Thursday 16 September 2010

Icon #66 Watchmen

The most iconic graphic novel.
The graphic novel was a medium that I'd largely ignored up until recently.  I was under the absurd assumption that comics were for kids, and that I'd moved on from them years before.  God was I missing out.

Even before the build up to last years movie I was aware of Watchmen, I'd buy SFX magazine and see the graphic novel being referenced all the time, written about in reverential terms in a sycophantic way that made me want to avoid it at all costs.  But as momentum grew, before the release of the movie, I started to pay more attention, got sucked in by the hype and bought the book.

What happened next was a revelation.  Alan Moore's story, of an ageing group of Superheroes in an America where Nixon is still President and the Cold War is still on, is as engaging as anything I've ever read.  The characters feel real, with only one of them having any genuine super powers.

It's a murder mystery that spins off on weird tangents, sometimes dropping into a text based style to tell of moments from the past, in others jumping to a story that a minor character is reading in another comic book.  There's just so much going on throughout.  Of course the weird tangents are really about adding depth and allegory to the story and they work brilliantly, giving it more layers and substance.

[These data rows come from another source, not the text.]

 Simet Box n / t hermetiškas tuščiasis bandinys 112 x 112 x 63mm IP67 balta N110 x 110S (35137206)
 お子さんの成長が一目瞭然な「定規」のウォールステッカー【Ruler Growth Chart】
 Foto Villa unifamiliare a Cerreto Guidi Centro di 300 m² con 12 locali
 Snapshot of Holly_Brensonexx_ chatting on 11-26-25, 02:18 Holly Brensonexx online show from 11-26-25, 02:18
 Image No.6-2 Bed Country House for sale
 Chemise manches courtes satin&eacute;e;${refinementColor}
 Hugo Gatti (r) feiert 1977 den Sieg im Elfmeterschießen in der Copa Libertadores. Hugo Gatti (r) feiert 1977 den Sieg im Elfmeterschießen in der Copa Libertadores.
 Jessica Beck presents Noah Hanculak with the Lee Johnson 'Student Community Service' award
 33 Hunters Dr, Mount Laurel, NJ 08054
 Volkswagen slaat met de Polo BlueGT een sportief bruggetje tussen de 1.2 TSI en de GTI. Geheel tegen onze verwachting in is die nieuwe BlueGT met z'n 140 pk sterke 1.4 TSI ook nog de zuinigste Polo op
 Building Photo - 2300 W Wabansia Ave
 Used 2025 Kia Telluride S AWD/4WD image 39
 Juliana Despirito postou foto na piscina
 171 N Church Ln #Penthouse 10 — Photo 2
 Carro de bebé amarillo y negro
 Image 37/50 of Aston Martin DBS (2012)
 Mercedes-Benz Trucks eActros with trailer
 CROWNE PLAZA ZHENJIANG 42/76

This is not your cliché laden superhero story, none of the characters are recognisable heroes, however, they have elements of well known heroes from other comics which helps the reader to identify with them.  The themes are adult throughout, it's not a kids story by any stretch and the film did well to convey some of that.

The art work, by Dave Gibbons, is consistently brilliant and although very traditional it suits the time frame that the story is set in perfectly.

So why is it iconic?  Well along with the Dark Knight Returns it set a new benchmark for comics.  It showed that there was a big audience for stories that had more than just brash characters and an ever changing Universe of heroes.  Here was a proper story that blended satire and SciFi into a heady mix.  Moore created something unique, there's nothing else out there quite like Watchmen.  

Do I own other graphic novels as a result of buying it?  Yes.  Have I enjoyed any of them as much?  No. 

If you've never read a comic book and would never normally consider it, read Watchmen.  Honestly, you won't regret it.
'To paint comic books as childish and illiterate is lazy.  A lot of comic books are very litterate - unlike most films.' - Alan Moore. 
Tonight's post is dedicated to (from twitter) @SuperROB, @SoulIsTheGoal, @brotherbenji, @formulaic666, @sn00pyj, @fatmanslimming, @ObiOrion, @maverick99sback (and from facebook), Toby, Kate and Mini.

Special mention to @lmlc and @Giusep03 who both suggested the Bayeux Tapestry, which I thought was a genius idea.

1 comment:

  1. A fantastic review of a genuinly iconic event, and as you say, along with Miller's DKR (which effectively re-ignited the Batman movie franchise with Burton's first film)it gave creedance to a medium that was just beginning to thrive. The X-Men of Claremont and Byrne and George Perez's work with the Teen Titans had pumped some colour into the Bronze Age, but only with these 2 books did the genre really catch a wider imagination.